| Parameter | Information |
|---|---|
| Course: | AI in Scientific Data Analysis |
| Part: | 2/2 |
| Duration: | 90 minutes |
| Target Audience: | Master students (non-CS disciplines) |
By the end of this session, you will be able to:
- Understand the difference between local and cloud-based LLMs
- Install and configure Ollama for local LLM usage
- Build a practical "Chat with PDF" application
- Understand the basics of Model Context Protocol (MCP)
{{0-1}}
Recap: Course 1 Example
In Part 1, we built a Code Explainer that used the OpenAI API:
# Required an API key in .env
api_key = os.getenv("OPENAI_API_KEY")
client = OpenAI(api_key=api_key)This approach requires:
- Internet connection
- API key (costs money)
- Sending your code to external servers
What if you're working with sensitive data?
{{1-2}}
The Local Alternative
With local LLMs, the model runs entirely on your computer:
┌─────────────────────────────────────────────────────────────┐
│ Your Computer │
│ ┌─────────────┐ ┌─────────────┐ ┌─────────────┐ │
│ │ Your │ │ Local │ │ Output │ │
│ │ Data │────▶│ LLM │────▶│ Result │ │
│ │ │ │ (Ollama) │ │ │ │
│ └─────────────┘ └─────────────┘ └─────────────┘ │
│ │
│ Nothing leaves your machine! │
└─────────────────────────────────────────────────────────────┘ .
{{2-3}}
Comparison: Cloud vs. Local
| Aspect | Cloud LLMs | Local LLMs |
|---|---|---|
| Privacy | Data sent to external servers | Data stays on your machine |
| Cost | Per-token pricing, subscriptions | Free (hardware cost only) |
| Performance | Fast, powerful models (GPT-4, Claude) | Limited by your hardware |
| Internet | Required | Not required |
| Control | Vendor policies apply | Full control |
| Model Size | Largest available | Fits in your RAM |
{{3-4}}
Quiz: When to Use Local LLMs?
Which scenarios are good candidates for local LLMs?

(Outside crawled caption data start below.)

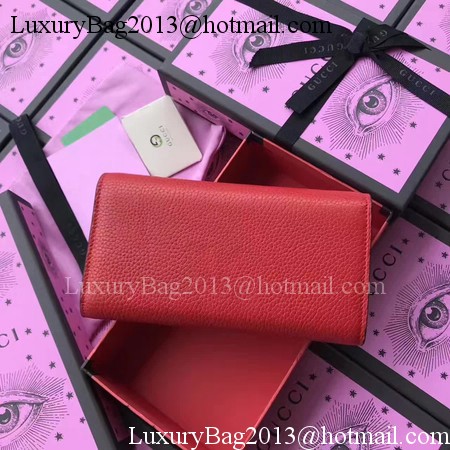 Gucci Padlock Continental Wallet Calfskin Leather 453506 Red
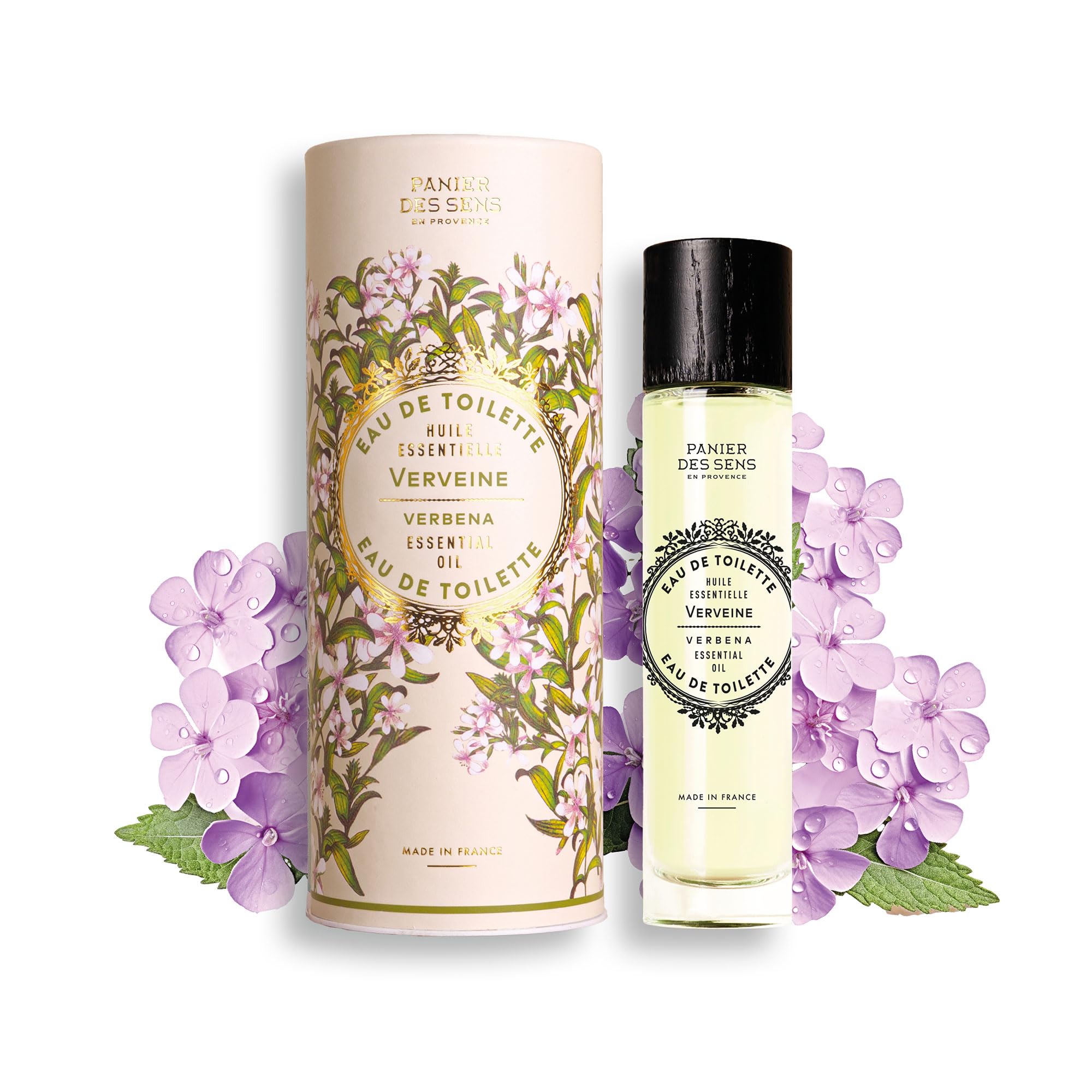 Panier des Sens Verbena EDT bottle with elegant glass and gold cap for daily wear.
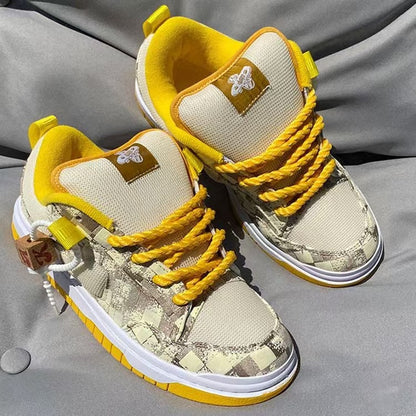 Light Luxury Plus Size Couple&#039;s Trendy Internet Famous Casual Men&#039;s Shoes Thickened Lemon Yellow Bread Shoes Trendy Board Shoes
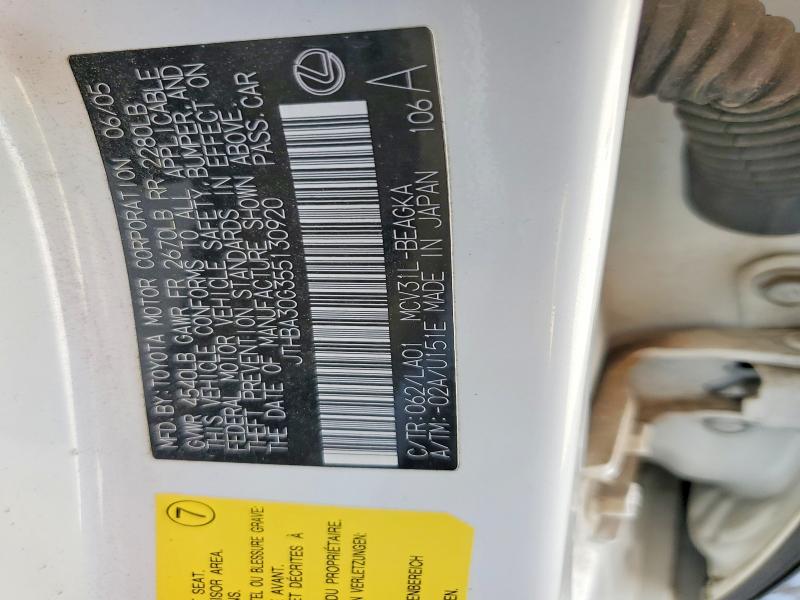 Продаж на аукціоні авто 2005 Lexus Es, vin: JTHBA30G355130920, номер лоту: 67518486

- [[X]] Analyzing patient medical records
- [[X]] Processing confidential company data
- [[ ]] Generating marketing copy for a public website
- [[X]] Working in the field without internet
- [[X]] Institutional compliance requires data to stay local
- [[ ]] Need the absolute best performance for a public demo
{{0-1}}
What is Ollama?
Ollama is a tool that makes running local LLMs simple: It wraps different LLM models behind a unified API that runs as a local server on your machine.

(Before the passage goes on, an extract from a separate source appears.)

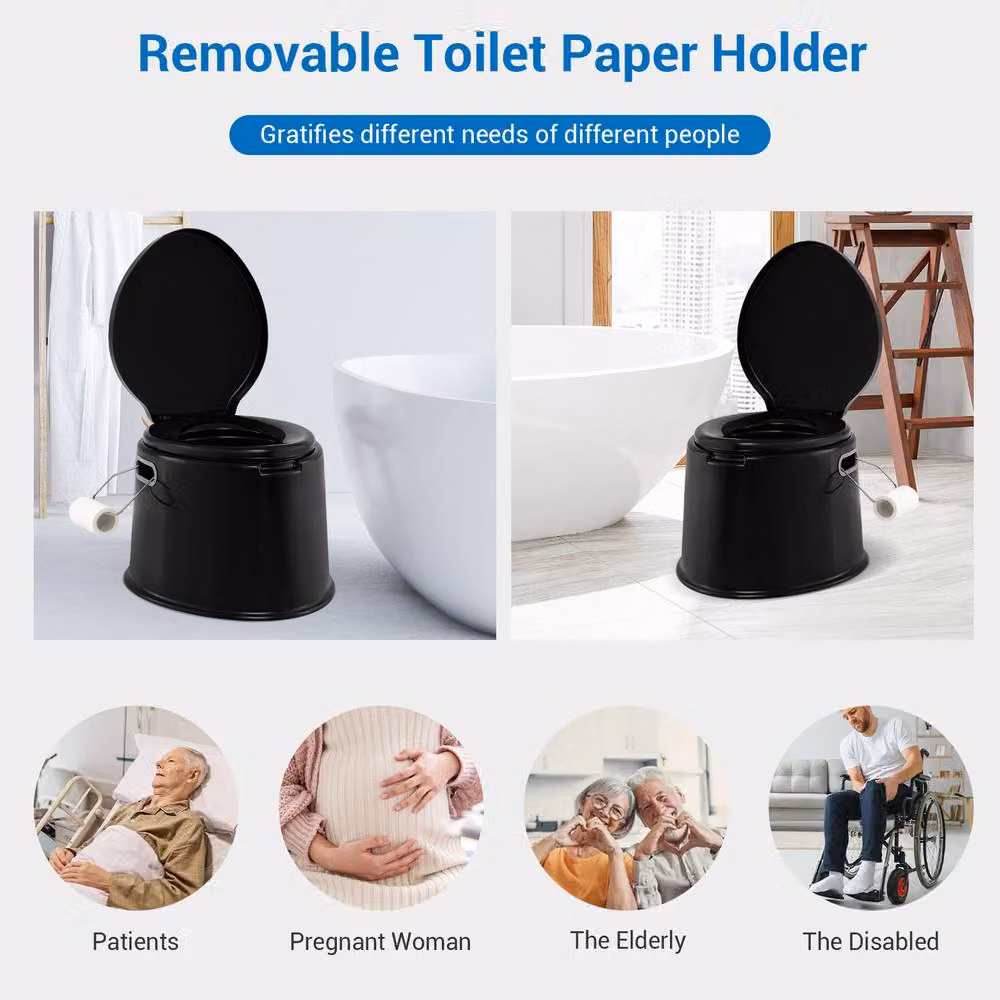 Costway Portable Travel Camping Toilet with Detachable Inner Bucket, Black, H 49 cm x W 41 cm x D 34 cm – 4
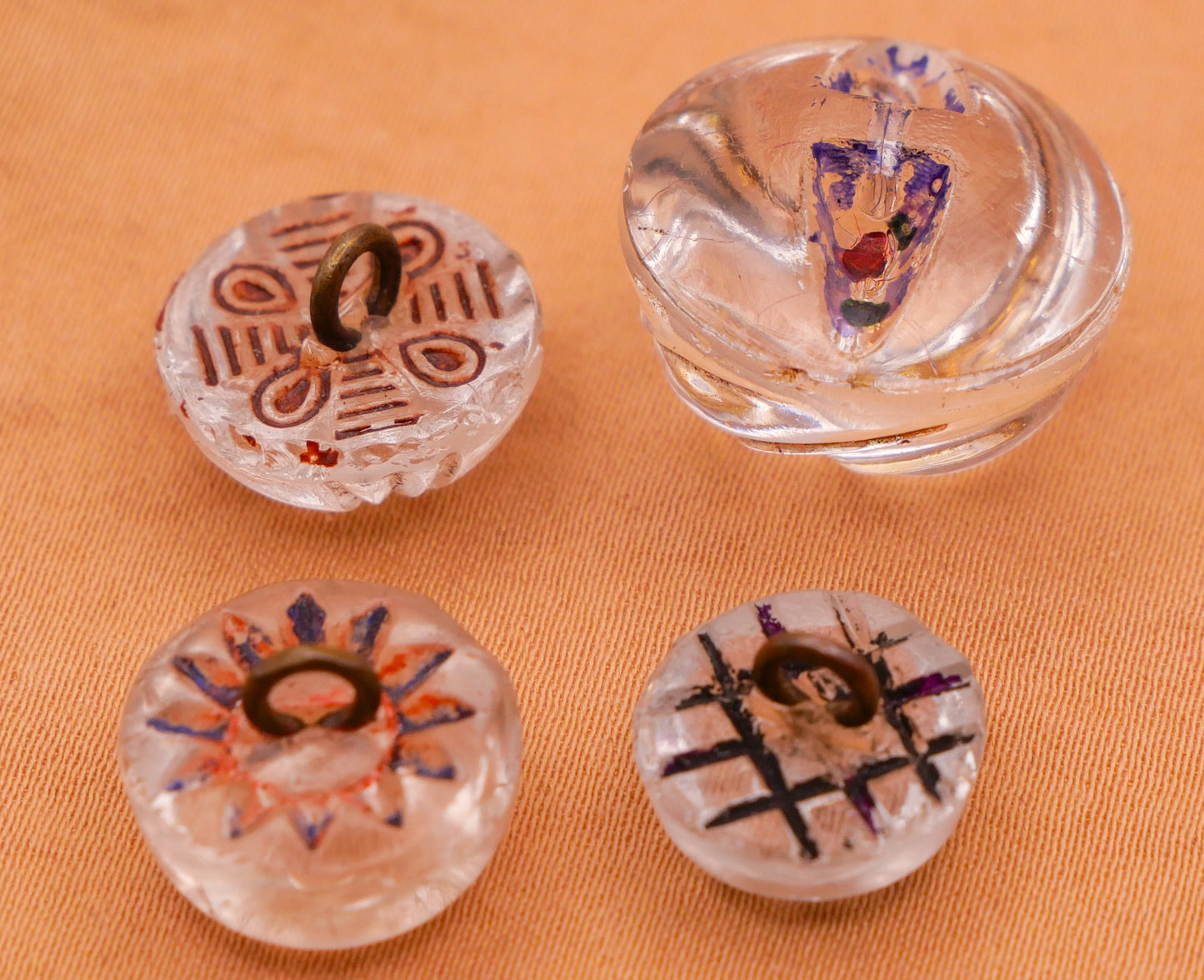 Intaglio Reverse Painted Antique Glass Button Various 11-18mm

- One-command installation
- Easy model downloading
- Simple API (similar to OpenAI)
- Runs on Windows, Mac, and Linux
Website: https://ollama.ai
Note: Ollama is not the only option for running local LLMs. Other popular projects include Hugging Face Transformers, LM Studio, llama.cpp, and vLLM.
{{1-2}}
Installation
Linux:
curl -fsSL https://ollama.ai/install.sh | shmacOS:
# Download from https://ollama.ai/download
# Or use Homebrew:
brew install ollamaWindows:
Download the installer from https://ollama.ai/download
{{2-3}}
Basic Usage
# Start Ollama server (runs in background)
ollama serve
# Download and run a model
ollama run llama3.2
# List available models
ollama list
# Pull a specific model
ollama pull mistral
ollama pull nomic-embed-text # For embeddingsInteractive Chat:
>>> Hello, who are you?
I'm Llama, an AI assistant created by Meta. How can I help you today?
>>> Explain photosynthesis briefly.
Photosynthesis is the process plants use to convert sunlight, water,
and CO2 into glucose and oxygen...
{{3-4}}
Model Selection Based on Hardware
| RAM | Recommended Models | Use Case |
|---|---|---|
| 8 GB | llama3.2:1b, phi3:mini |
Simple tasks, quick responses |
| 16 GB | llama3.2:3b, mistral |
General purpose, good quality |
| 32 GB | llama3.1:8b, codellama |
Complex tasks, coding |
| 64+ GB | llama3.1:70b |
Research, high quality |
GPU Acceleration:
- NVIDIA GPU: Automatic CUDA support
- Apple Silicon (M1/M2/M3): Excellent performance with Metal
- AMD GPU: ROCm support on Linux
{{4-5}}
Python Integration
import ollama
# Simple chat
response = ollama.chat(
model='llama3.2',
messages=[
{'role': 'user', 'content': 'What is DNA?'}
]
)
print(response['message']['content'])No API key needed! The model runs locally.
{{5-6}}
Adding Context with System Prompts
Use the system role to provide instructions or context that guides the model's behavior:
from ollama import Client
# Connect to Ollama (default: localhost:11434)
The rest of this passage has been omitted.